外国為替市場で、当面、一方的な円安には歯止めがかかりそうだとの見方が広がっている。QUICKと日経ヴェリタスが共同で実施した2月の月次調査<外為>で、トランプ米大統領の就任から100日後にあたる4月末の為替相場を聞いたところ、就任時の水準である1ドル=156円を超える円安進行の予想は11%にとどまった。
一方、「円高方向」は65%、「おおむね横ばい」は24%で、合わせて89%に達した。
農林中金総合研究所の南武志氏は「米国のインフレへの警戒感は根強く、円安圧力は高い状態が続く可能性があるが、日銀の利上げ継続方針が示されており円安圧力は解消していく」と指摘する。日銀の利上げペースが早まれば「円高気味の展開も想定される」とみる。
日銀は今回の利上げ局面でどの水準まで金利を引き上げるか聞いたところ、「1.00%」が50%で最多だった。日銀は1月の金融政策決定会合で政策金利を0.5%に引き上げた。日銀の田村直樹審議委員が「2025年度後半には少なくとも1%程度まで短期金利を引き上げることが必要」と述べ、市場では追加利上げの織り込みが進んでいる。

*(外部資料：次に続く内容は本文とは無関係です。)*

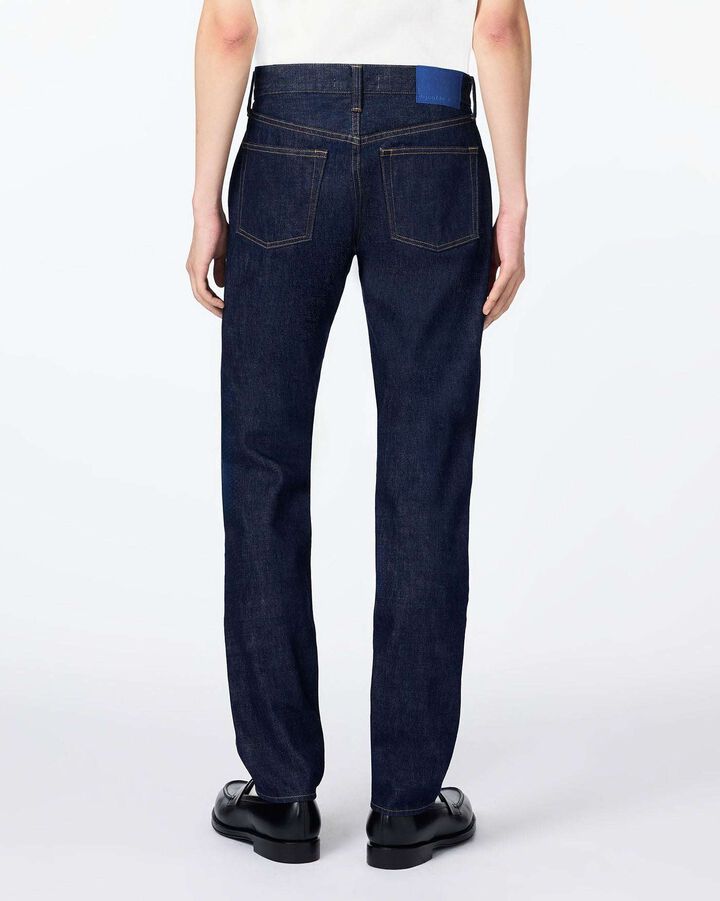 JMJE1202 16oz Slim Jeans,, medium image number 2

米連邦準備理事会(FRB)の利下げ局面はどこまで続くか聞いたところ、現状の水準(4.25~4.50%)から0.25%の利下げ3回に相当する「3.50~3.75%」との予想が23%だった。2回利下げ、4回利下げとの回答もそれぞれ20%あり見方が割れた。「トランプ氏の政策次第で利下げ回数は流動的になる」(証券会社)との声があった。
4会合連続で利下げを実施している欧州中央銀行(ECB)は「2.00%」まで利下げを継続するとの見方が47%で最多だった。現状の「2.75%」から3回の利下げに相当する。4月末のユーロ相場(対ドル)は「ドル高方向」との予想が58%を占めた。「おおむね横ばい」も35%あった。欧米の利下げペースの違いから金利差がじわりと開く可能性が意識されている。
トランプ政権の政策で為替相場に最も影響を与えるもの(2つ選択)を聞いたところ、「輸入関税の引き上げ」が86%だった。1月調査(84%)に続き最多だった。トランプ大統領は1日にメキシコとカナダに25%の関税、中国に10%の追加関税を課す大統領令に署名した。カナダとメキシコは首脳間の合意で1カ月の延期が決まったが、中国に対しては予定通り関税を引き上げた。
住友商事グローバルリサーチの鈴木将之氏は「トランプ政権の関税政策がいったん出尽くし全体像が見えるまでは、為替相場は変動する場面が多いだろう」と話す。2位は「ドル高の是正」(37%)、3位は「FRBの金融政策への関与拡大」(25%)だった。
調査は2月10~12日に実施、金融機関や事業会社の外為市場関係者67人が回答した。